NNY: I would say there are more cuts that are cut out from a feature film because of the constraint of the running time. But in the series, there was no need to cut so much. But there is a particular cut that I want to mention, but I want to actually avoid the spoiler of the second season because that cut that I cut is actually related to the second season. The final episode of Squid Game ends at the airport, but there was another cut that is following that scene. But that is something that would be a spoiler, so I would just cut short here. And other than that, there were not many cuts that were made.
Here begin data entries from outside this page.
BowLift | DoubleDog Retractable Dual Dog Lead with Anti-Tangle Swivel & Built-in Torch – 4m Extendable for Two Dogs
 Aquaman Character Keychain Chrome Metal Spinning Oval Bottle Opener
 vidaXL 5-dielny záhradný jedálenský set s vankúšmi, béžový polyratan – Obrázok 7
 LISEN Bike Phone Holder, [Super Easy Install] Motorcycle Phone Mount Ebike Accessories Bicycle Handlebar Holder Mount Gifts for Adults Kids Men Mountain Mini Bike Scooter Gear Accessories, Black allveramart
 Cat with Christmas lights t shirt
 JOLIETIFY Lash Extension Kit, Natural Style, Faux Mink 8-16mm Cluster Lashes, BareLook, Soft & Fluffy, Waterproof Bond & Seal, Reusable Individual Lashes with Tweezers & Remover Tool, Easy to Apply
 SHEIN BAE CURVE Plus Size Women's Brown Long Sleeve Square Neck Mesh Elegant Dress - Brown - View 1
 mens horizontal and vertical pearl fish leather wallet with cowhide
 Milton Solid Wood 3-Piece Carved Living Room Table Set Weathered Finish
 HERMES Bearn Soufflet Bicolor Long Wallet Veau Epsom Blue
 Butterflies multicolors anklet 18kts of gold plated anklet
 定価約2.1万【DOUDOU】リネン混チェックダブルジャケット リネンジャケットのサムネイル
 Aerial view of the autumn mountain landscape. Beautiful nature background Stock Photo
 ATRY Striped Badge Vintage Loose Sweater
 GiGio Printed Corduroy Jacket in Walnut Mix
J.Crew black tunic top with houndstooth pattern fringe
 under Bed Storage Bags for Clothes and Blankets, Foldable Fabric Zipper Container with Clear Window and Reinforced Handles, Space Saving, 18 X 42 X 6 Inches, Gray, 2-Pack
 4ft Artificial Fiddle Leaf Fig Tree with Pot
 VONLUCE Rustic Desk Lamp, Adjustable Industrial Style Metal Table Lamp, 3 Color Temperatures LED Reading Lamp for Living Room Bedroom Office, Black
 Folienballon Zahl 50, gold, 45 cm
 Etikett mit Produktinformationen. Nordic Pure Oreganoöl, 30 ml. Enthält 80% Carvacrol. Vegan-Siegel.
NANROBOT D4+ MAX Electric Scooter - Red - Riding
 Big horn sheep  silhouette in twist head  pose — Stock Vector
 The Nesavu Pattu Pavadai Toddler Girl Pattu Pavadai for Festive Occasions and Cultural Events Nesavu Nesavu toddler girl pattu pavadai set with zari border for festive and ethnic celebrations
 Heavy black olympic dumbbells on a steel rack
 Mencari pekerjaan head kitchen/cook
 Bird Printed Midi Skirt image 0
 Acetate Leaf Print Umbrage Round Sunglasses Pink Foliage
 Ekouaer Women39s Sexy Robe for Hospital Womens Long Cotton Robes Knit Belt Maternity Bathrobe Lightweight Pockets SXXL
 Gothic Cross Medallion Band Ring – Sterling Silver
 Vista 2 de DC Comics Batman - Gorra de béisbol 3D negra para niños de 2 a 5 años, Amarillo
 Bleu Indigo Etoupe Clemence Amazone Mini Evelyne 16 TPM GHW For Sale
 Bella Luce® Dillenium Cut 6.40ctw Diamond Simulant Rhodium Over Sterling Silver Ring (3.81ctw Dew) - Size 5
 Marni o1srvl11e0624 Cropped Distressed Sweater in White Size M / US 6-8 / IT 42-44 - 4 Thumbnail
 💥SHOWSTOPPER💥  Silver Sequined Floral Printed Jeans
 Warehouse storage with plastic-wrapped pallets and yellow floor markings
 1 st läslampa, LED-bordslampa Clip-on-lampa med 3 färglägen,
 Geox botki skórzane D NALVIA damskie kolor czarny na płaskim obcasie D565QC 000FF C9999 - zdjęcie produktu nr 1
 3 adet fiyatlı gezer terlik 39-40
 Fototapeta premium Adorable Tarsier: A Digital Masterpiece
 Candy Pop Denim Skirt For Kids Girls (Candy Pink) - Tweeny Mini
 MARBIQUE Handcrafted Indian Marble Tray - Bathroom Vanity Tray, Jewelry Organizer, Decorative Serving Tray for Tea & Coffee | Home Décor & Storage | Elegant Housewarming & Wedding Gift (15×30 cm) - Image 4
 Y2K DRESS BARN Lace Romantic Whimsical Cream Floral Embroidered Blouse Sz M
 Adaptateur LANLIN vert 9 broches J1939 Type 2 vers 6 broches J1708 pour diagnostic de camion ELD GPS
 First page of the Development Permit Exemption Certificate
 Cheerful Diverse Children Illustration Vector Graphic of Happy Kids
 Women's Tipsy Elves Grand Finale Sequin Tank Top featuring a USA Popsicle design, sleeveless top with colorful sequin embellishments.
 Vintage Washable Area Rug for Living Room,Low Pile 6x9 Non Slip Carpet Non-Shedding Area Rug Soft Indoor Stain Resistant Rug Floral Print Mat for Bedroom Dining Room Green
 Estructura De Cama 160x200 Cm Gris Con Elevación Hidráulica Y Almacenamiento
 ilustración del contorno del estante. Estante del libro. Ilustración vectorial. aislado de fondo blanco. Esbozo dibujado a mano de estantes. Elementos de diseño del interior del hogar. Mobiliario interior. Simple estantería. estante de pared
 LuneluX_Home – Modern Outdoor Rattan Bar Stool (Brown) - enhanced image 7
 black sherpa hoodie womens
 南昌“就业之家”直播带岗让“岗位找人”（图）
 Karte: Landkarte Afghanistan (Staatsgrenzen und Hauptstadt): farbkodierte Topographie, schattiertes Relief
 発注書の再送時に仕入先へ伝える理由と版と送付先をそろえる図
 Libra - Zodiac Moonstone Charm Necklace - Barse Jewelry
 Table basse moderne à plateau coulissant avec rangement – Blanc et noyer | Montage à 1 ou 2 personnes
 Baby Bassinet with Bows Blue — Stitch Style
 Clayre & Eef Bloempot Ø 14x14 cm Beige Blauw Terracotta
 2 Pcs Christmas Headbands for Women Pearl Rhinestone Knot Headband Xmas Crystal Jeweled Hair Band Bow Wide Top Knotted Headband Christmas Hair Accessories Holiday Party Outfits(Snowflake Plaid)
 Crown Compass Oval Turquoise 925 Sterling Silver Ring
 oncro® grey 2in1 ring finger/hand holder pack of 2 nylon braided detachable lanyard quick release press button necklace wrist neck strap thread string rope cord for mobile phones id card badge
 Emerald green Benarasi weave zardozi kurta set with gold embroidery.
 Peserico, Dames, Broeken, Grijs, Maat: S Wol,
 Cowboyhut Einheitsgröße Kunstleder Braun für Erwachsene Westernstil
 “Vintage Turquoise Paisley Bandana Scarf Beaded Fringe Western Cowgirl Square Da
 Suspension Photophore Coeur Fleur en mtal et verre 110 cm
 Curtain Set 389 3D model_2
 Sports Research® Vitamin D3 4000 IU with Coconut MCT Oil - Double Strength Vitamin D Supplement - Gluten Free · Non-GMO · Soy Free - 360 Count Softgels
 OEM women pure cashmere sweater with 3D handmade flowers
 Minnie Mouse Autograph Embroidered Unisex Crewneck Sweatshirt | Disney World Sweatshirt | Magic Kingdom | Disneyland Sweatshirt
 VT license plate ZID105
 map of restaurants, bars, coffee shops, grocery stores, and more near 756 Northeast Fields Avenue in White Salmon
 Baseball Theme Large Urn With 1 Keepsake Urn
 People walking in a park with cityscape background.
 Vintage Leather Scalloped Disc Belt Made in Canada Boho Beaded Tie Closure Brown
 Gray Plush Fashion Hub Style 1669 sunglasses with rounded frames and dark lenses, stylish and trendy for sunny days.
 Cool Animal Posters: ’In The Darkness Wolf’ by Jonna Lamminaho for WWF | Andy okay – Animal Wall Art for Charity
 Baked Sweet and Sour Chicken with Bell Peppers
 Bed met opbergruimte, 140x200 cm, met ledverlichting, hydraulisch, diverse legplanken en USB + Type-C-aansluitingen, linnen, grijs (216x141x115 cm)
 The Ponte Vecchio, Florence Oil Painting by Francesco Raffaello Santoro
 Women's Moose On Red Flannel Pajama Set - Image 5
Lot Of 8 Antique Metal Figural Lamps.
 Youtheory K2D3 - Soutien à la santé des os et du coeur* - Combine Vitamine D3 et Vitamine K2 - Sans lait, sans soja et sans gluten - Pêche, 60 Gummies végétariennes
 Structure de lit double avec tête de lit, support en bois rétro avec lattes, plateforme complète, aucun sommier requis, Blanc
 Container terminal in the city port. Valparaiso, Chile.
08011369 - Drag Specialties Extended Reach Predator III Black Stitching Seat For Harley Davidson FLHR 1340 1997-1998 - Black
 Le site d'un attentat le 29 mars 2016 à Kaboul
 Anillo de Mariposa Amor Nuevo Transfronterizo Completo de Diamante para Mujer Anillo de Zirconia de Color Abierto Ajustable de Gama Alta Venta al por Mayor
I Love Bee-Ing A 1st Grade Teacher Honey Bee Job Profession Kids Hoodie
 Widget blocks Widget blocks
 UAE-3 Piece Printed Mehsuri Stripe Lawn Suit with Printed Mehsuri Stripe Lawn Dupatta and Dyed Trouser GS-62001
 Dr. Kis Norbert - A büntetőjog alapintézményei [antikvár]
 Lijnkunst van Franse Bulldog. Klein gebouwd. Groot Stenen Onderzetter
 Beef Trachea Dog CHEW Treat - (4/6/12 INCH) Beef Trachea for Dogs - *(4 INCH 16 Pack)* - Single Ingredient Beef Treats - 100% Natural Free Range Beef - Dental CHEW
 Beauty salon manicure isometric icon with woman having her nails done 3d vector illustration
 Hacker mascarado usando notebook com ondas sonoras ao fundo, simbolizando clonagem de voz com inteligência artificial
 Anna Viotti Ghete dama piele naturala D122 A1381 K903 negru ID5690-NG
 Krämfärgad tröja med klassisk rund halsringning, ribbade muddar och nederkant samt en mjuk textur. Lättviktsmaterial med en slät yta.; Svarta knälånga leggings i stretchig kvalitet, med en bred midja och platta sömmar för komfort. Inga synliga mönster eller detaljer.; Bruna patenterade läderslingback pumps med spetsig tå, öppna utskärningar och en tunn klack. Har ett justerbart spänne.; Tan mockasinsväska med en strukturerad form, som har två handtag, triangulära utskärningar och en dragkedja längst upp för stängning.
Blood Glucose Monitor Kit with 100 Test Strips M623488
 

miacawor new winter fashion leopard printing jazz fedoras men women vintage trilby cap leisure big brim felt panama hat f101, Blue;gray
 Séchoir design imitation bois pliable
There were scenes that were shortened, but there was not a single scene that was completely cut out.
TD: Well, I certainly won’t ask you to go into any spoiler territory.
NNY: Wait and see!
TD: I can do that. So some shows have two or three editors per season, and I wanted to ask: Do you think it made your job easier or more difficult to be doing the entire thing by yourself?
NNY: Well, I always work by myself. I have never experienced a single project where I have to work with other editors, so I am actually curious: In other countries, is it common for a title to have multiple editors?
TD: Yes, definitely. I’ve interviewed other editors, like couples of editors, who do things together and they’ll split the episodes half and half, basically, so I wanted to know if that was easier for you basically.
NNY: Well, I don’t have that experience so far. (laughs) Because I’m greedy, I want to do it all by myself.
TD: Well, I can’t blame you. So my last question for you is, and you’ve kind of already touched on season two, but I wanted to ask if you know if you’ll be back for season two?
NNY: Well, unless I mess up big time, it’s probably me who’s going to do the editing for the second season. I actually had a call with Director Hwang recently, and he is devoting his time on script writing at the moment.
TDr: Awesome. I want to thank you so much for your time. Your work was incredible on Squid Game, so this was really a treat to be able to talk to you.
NNY: Thank you for enjoying the show. I appreciate it a lot, and I will see you again on season two.
Season one of Squid Game is currently streaming on Netflix. Nam Na-young is Emmy eligible for Outstanding Single-Camera Picture Editing for a Drama Series.
This interview has been translated and edited for clarity.